**What you will do**
Could you print the stretch of lines below from the one with "Detail of women's" through the one with "A close-up of", exactly as they stand and without any pictures?
+-------+
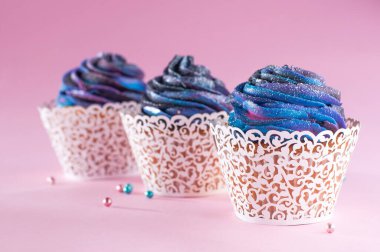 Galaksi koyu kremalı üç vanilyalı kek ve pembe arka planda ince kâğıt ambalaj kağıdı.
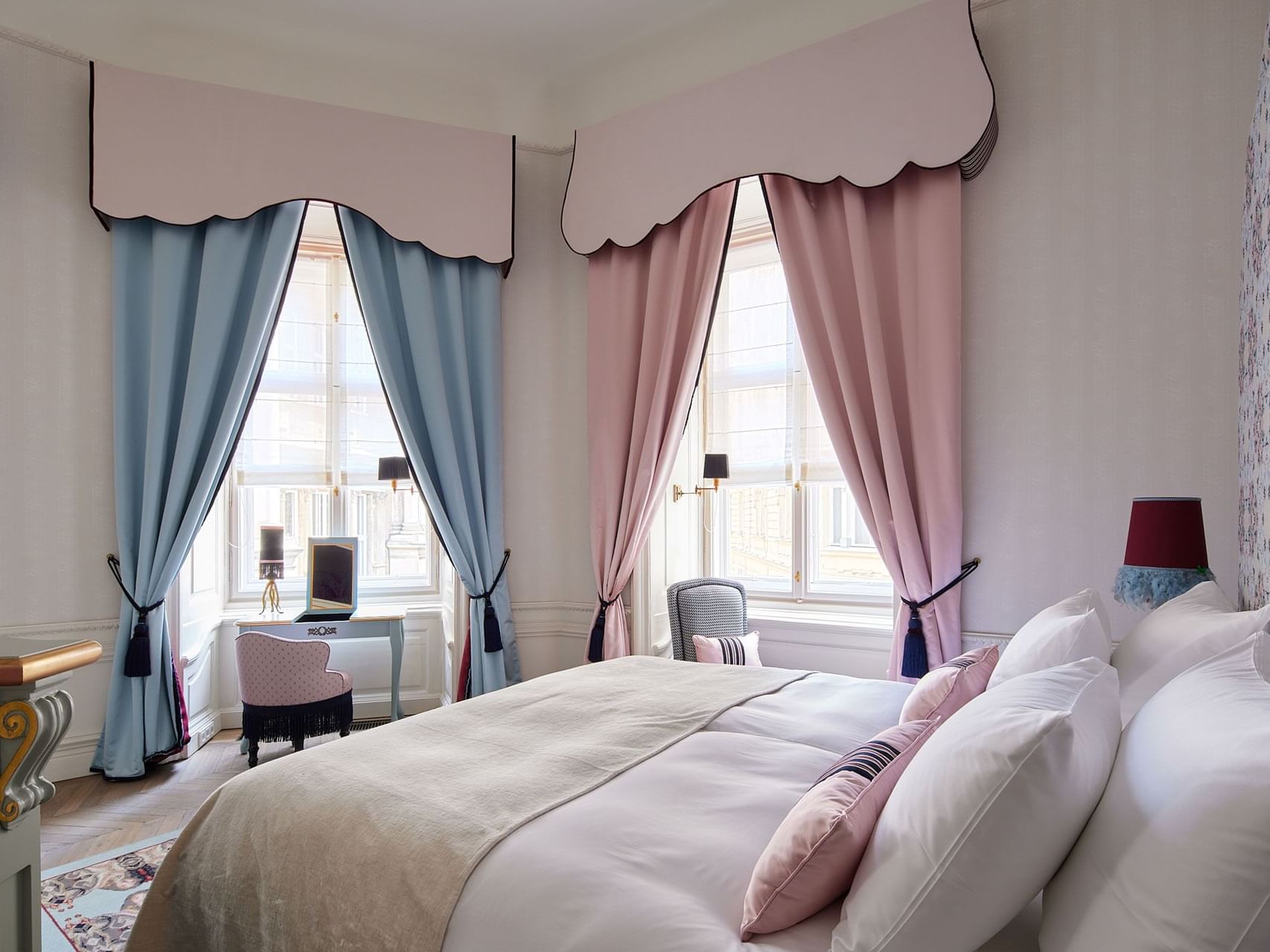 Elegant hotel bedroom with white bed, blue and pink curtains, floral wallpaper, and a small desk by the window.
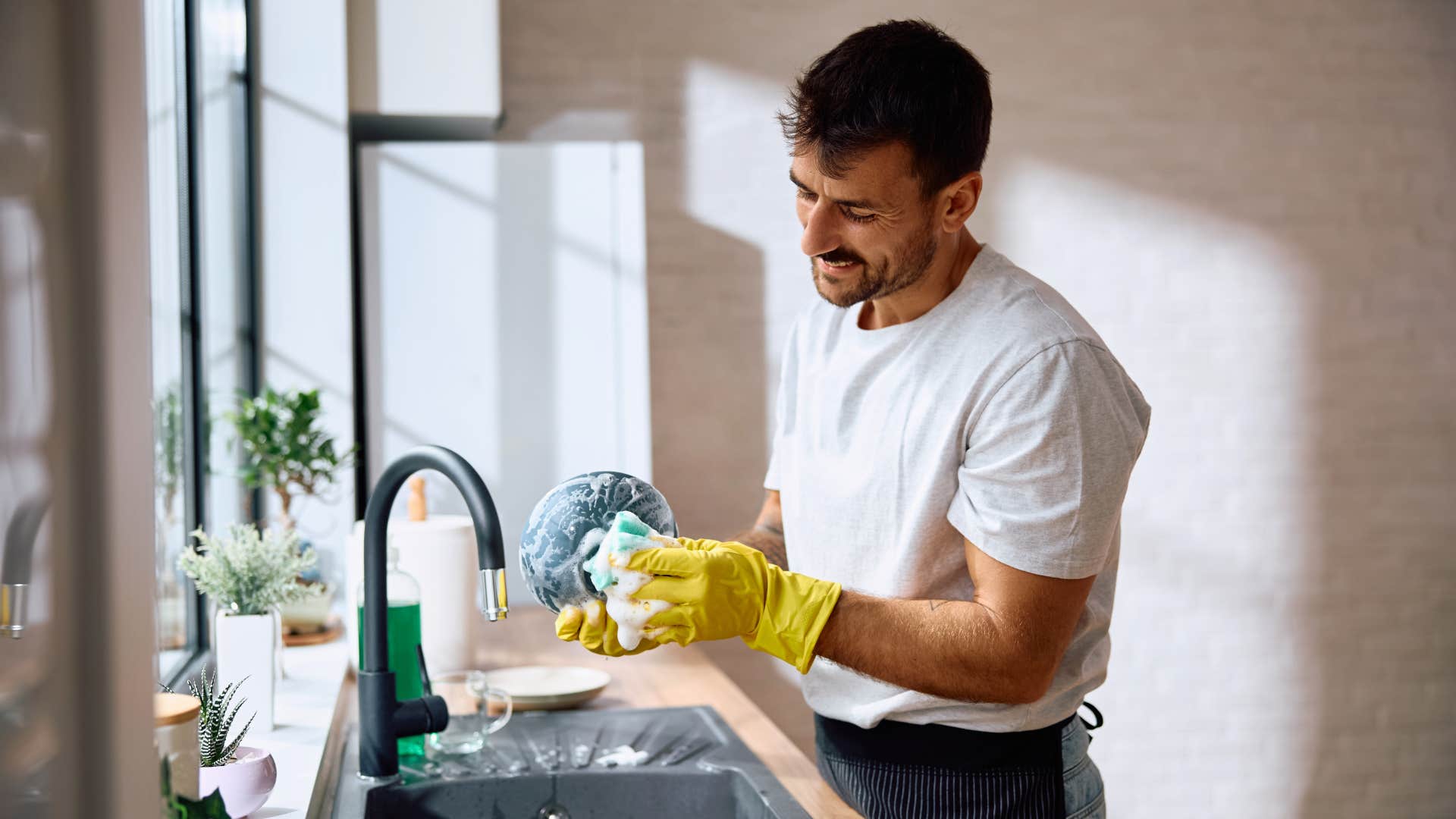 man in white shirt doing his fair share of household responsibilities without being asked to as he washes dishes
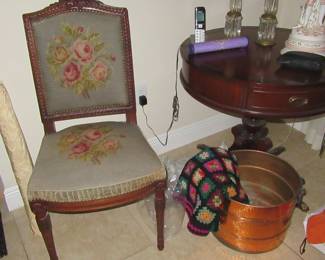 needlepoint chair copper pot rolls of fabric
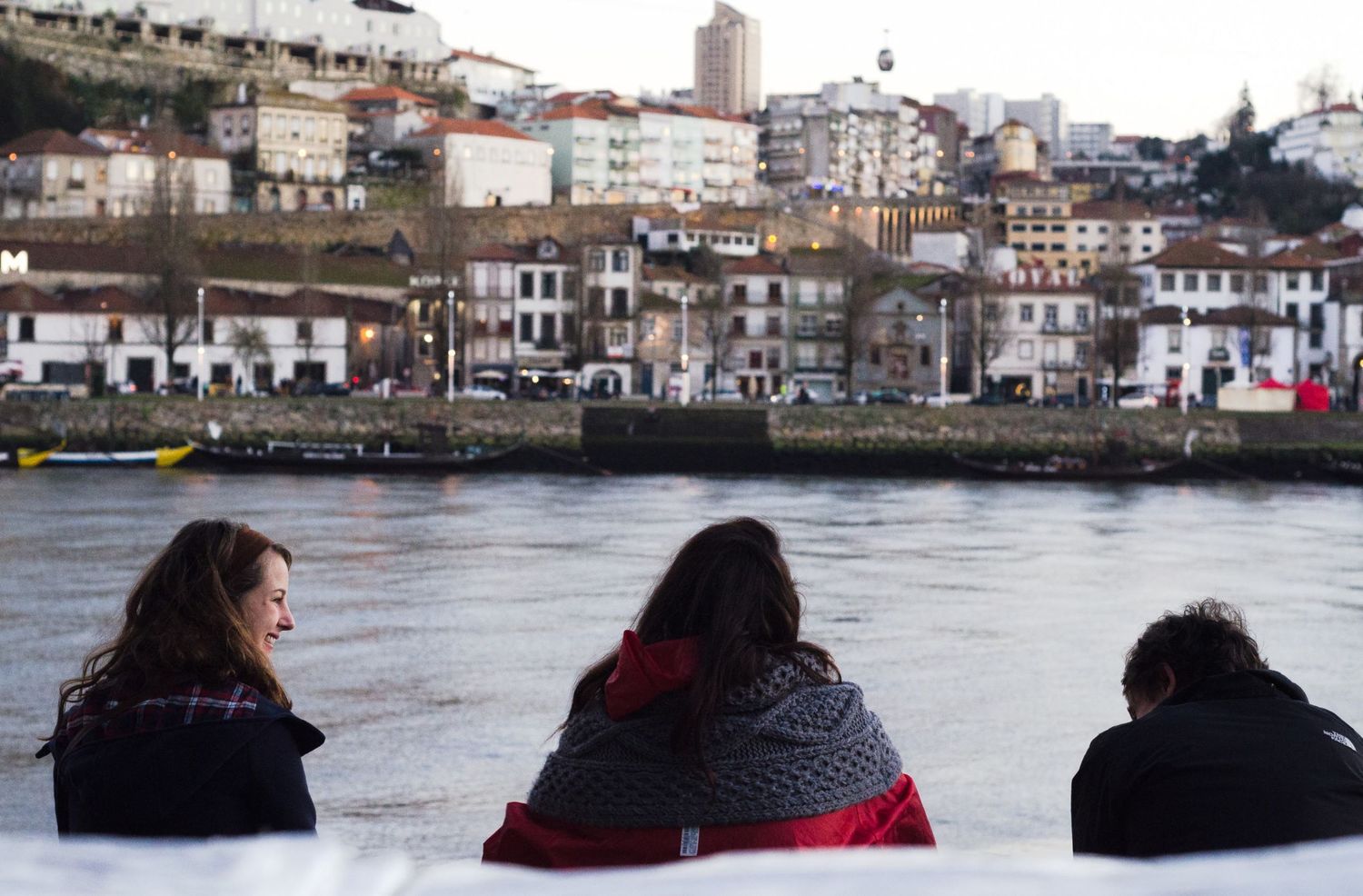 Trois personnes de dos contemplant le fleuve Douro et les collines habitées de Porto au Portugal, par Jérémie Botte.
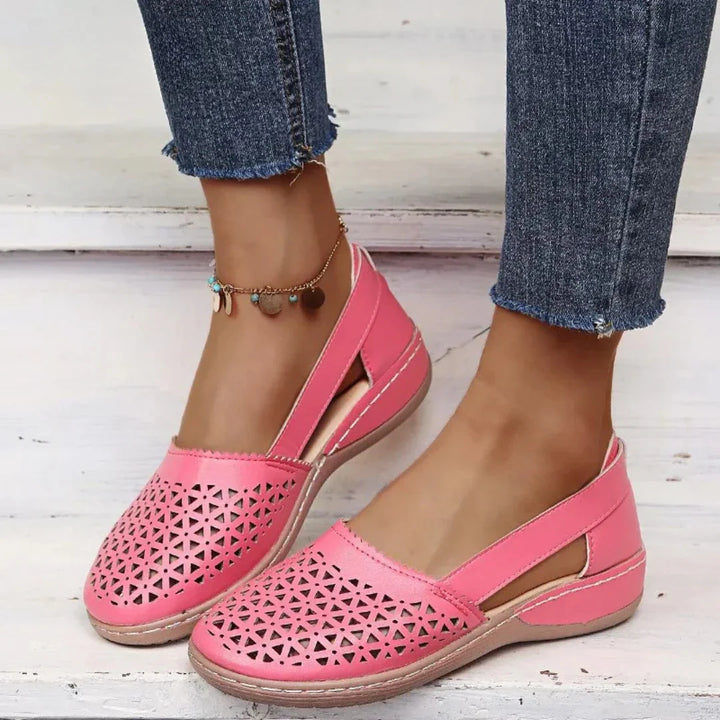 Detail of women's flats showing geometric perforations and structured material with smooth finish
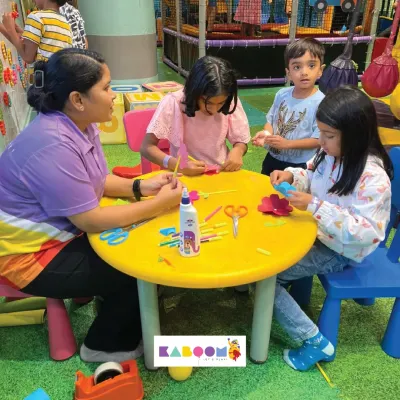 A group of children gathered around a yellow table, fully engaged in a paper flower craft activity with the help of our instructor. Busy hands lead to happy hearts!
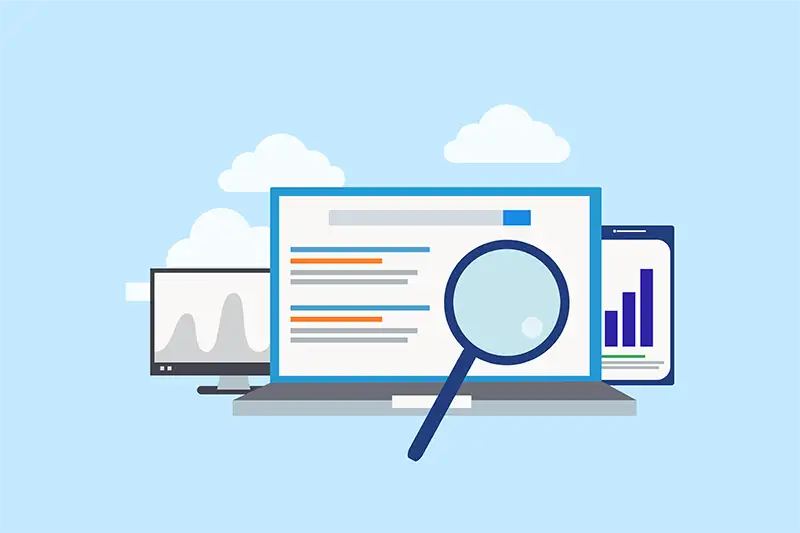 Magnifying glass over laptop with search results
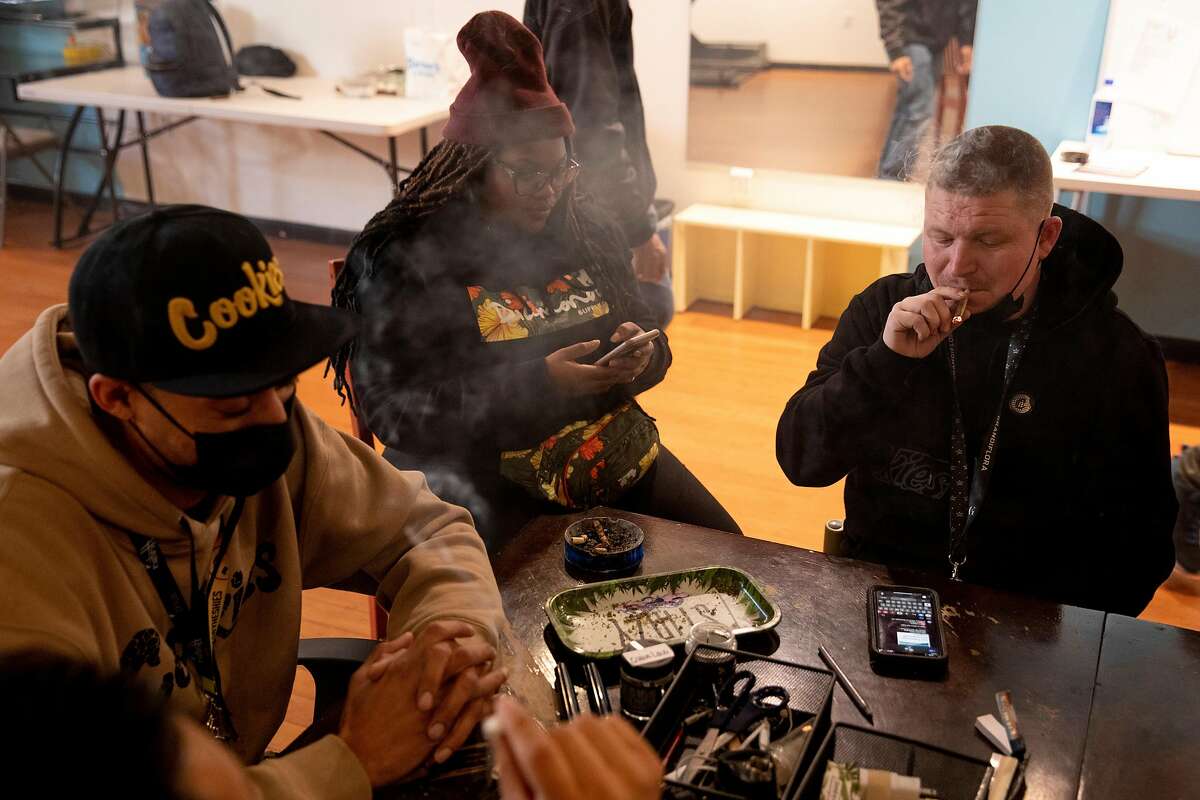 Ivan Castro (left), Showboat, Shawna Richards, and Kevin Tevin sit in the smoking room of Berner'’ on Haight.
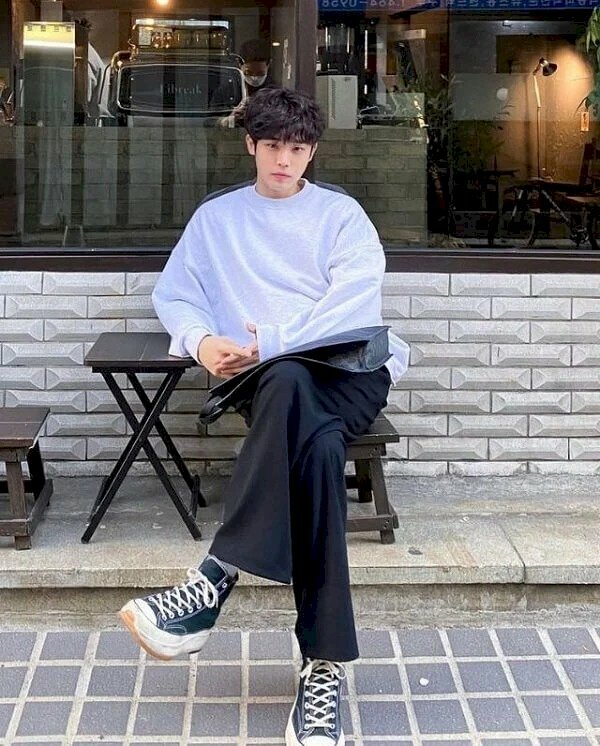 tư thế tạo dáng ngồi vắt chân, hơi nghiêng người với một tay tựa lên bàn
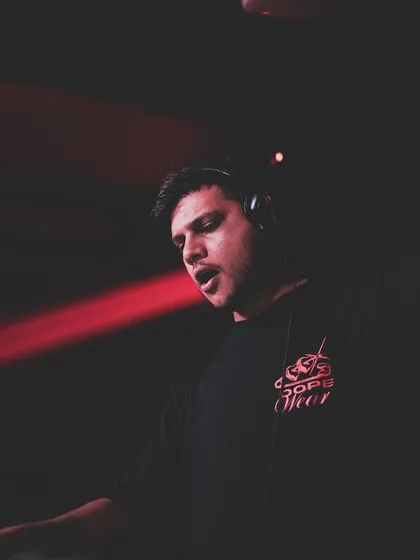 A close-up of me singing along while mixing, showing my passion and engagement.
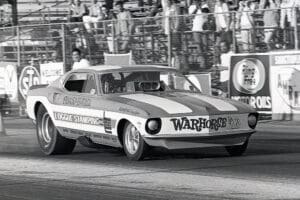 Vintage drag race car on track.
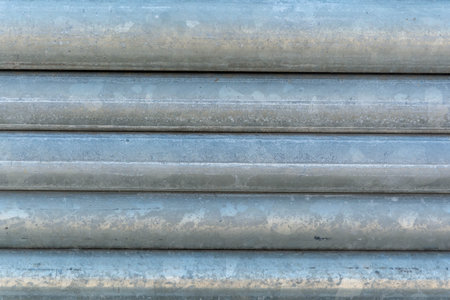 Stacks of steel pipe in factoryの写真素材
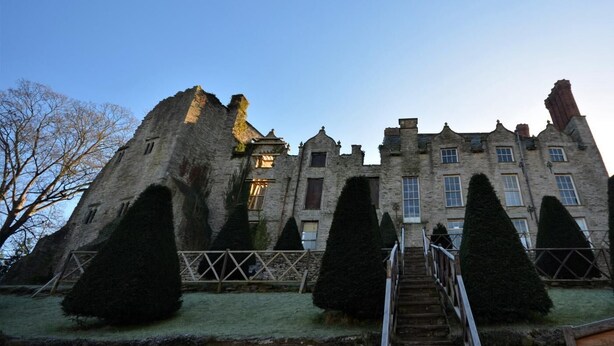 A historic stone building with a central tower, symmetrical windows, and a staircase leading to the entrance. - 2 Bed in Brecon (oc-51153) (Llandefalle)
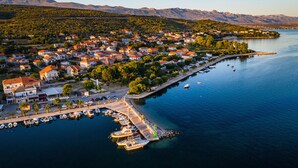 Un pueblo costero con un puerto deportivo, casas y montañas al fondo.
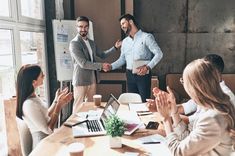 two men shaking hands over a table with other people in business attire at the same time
+-------+
**Solution below**
 Detail of women's flats showing geometric perforations and structured material with smooth finish
 A group of children gathered around a yellow table, fully engaged in a paper flower craft activity with the help of our instructor. Busy hands lead to happy hearts!
 Magnifying glass over laptop with search results
 Ivan Castro (left), Showboat, Shawna Richards, and Kevin Tevin sit in the smoking room of Berner'’ on Haight.
 tư thế tạo dáng ngồi vắt chân, hơi nghiêng người với một tay tựa lên bàn
 A close-up of me singing along while mixing, showing my passion and engagement.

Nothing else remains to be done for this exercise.